> WORK ORDER
Nothing but the lines from the one showing "0603J0630120GFR QRCode" through the final line of the data below belongs in the answer, duplicated exactly and without pictures.

Captioned web images

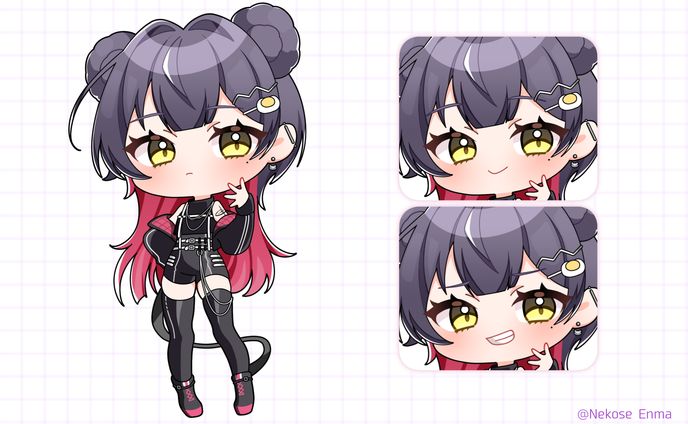 まくるくま　SD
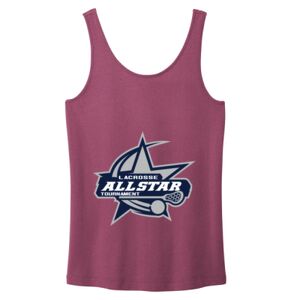 Women's Tank Thumbnail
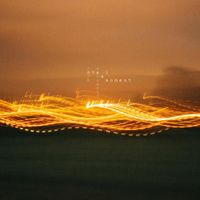 Venserto - steal A moment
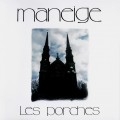 Buy Maneige - Les Porches (Remastered 2007) Mp3 Download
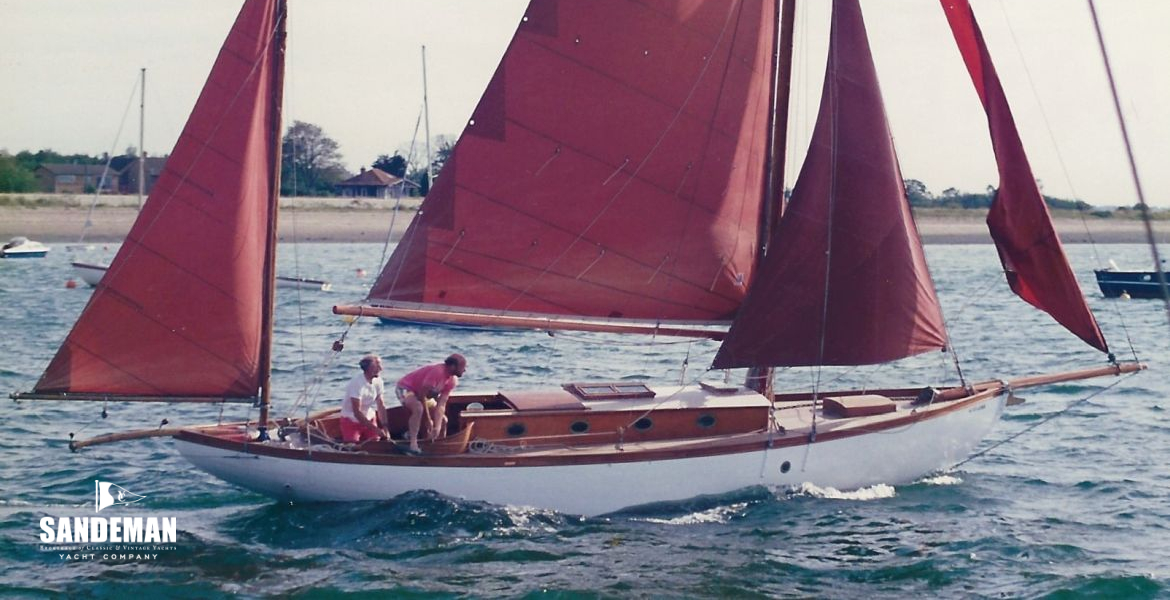  Starboard quarter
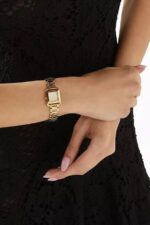 Tory Burch Mini Kira - Image 2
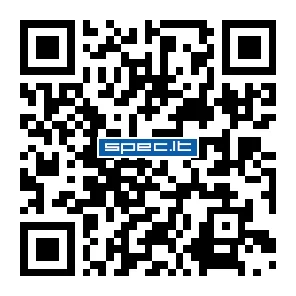 QR kodas | Skylum living, UAB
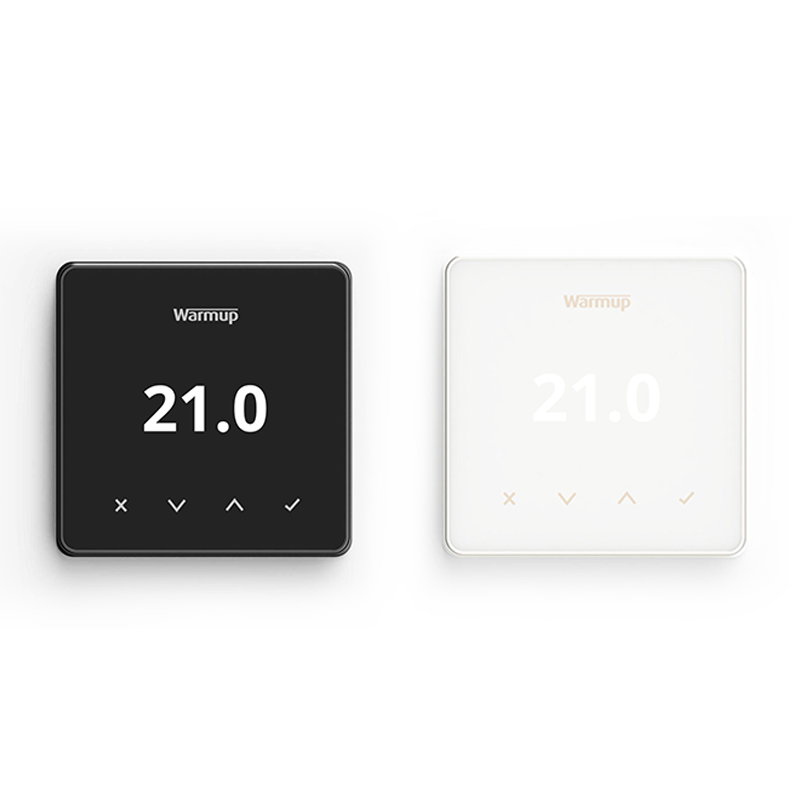 Warmup Element WiFi Thermostat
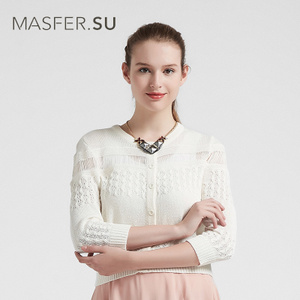 Masfer．SU BA153046M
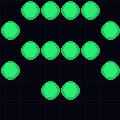 176.232.22.238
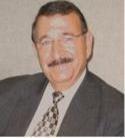 Mostafa El-Sayed<br> <span style="color:#ECD672"><i>Plenary</i></span>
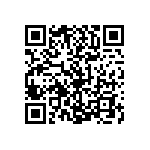 0603J0630120GFR QRCode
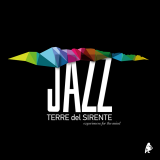 Andrea Padovani designer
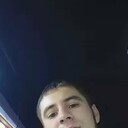  ,   , 34 ,   ,   , c , 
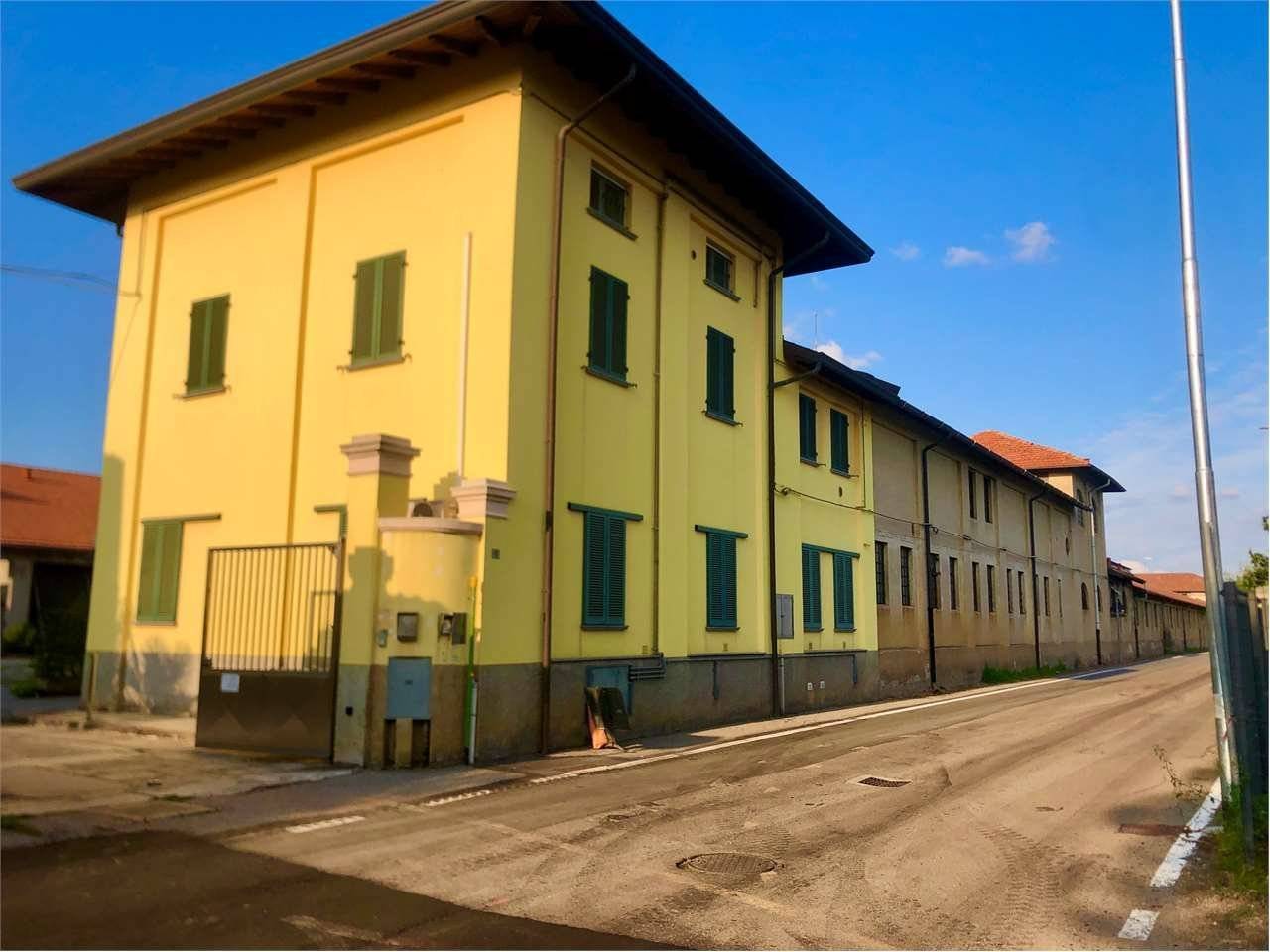  - foto 2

> SOLVED PROBLEM
 0603J0630120GFR QRCode
 Andrea Padovani designer
  ,   , 34 ,   ,   , c , 
  - foto 2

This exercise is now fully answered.